The concept of "Design for SIS Reliability" evolved from a paper, “Will the Real Reliability Stand Up?,” I gave at the 72nd annual Instrumentation Symposium for the Process Industries (2017) at TexasA&MUniversity. It explored the concept that we've gotten off the track of good reliability engineering design by concentrating too much on designing to the ANSI/ISA 84.00.02/IEC 61511 standards by emphasizing SIS safety integrity level (SIL), selecting equipment using third-party approval and designing to the SIS standards, but not putting enough emphasis on using good reliability engineering techniques and practices.
Design for Reliability is not a new concept, and it's been used in product development in other industries. In the book, The Professional's Guide to Maintenance and Reliability Terminology, authors Ramesh Gulati, Jerry Kahn and Robert Baldwin define Design for Reliability as “improving the reliability of an asset, process or product by using reliability analysis techniques to design out potential problems during the development phase,” where reliability analysis techniques include, for example, failure modes and effects analysis (FMEA), design FMEA (DFMEA) and reliability by design (RBD).
Much of the design of SISs rely on traditional instrument design and meeting the SIS standards. Designing to meet standards is a top-down design methodology, which is prone to a syndrome similar to “teach to the test,” where the standard is treated as the maximum and the design is the minimum to meet the standard—no less, no more. The basic concept of Design for Reliability as applied to SIS is a bottom-up, holistic approach that is not a minimum, which removes or minimizes the effects of failure modes, and improves reliability by using reliability engineering techniques during the design phase. In addition, due to the lifecycle nature of process industry safety systems, the concept will be extended to using Design for Reliability techniques throughout the safety system’s lifecycle to sustain and improve reliability, especially if the design proves inadequate for the application or any of the design assumptions prove to be invalid.
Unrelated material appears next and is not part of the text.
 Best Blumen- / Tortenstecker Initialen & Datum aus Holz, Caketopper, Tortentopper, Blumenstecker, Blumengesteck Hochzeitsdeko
The concepts and principles in this article can also be applied to designing instrument and control systems (I&CS) and other SISs such a safety controls, alarms and interlocks (SCAI).
A little history
Over the past three decades or so, development of the SIS standards ANSI/ISA S84 and later IEC/ISA 61511 has driven SIS design. SIS design practices have evolved from relay logic to general-purpose programmable logic controllers (PLC), and later to specialized safety PLCs; and from pneumatic process transmitters and “dumb” electronic transmitters to “smart” digital transmitters. Along the way, we moved from pneumatic process controls to electronic and digital single-loop controllers, and onward to modern distributed control systems (DCS).
Safety systems, commonly called emergency shutdown systems (ESD) in those days, really came to the industry forefront in the late 1970s and early 1980s, when the PLC was introduced into the process industries. Seeing the advantages of the PLC, it was quickly applied to discrete and sequential controls and as a programmable substitute for relay logic safety systems. Prior to that, emergency shutdown systems were fairly simple and consisted of relay and pneumatic logic. Concerns regarding the use of the PLC in safety systems rapidly became apparent, and the ISA S84 standard committee was formed in 1984 to address the matter. A driving concern was to ensure that people took care in applying this new PLC technology to safety systems. In the late 1980s and early 1990s, the ISA 84 committee realized the importance of field instrumentation in achieving reliable safety systems, and the standard was expanded to include the design of field instrumentation.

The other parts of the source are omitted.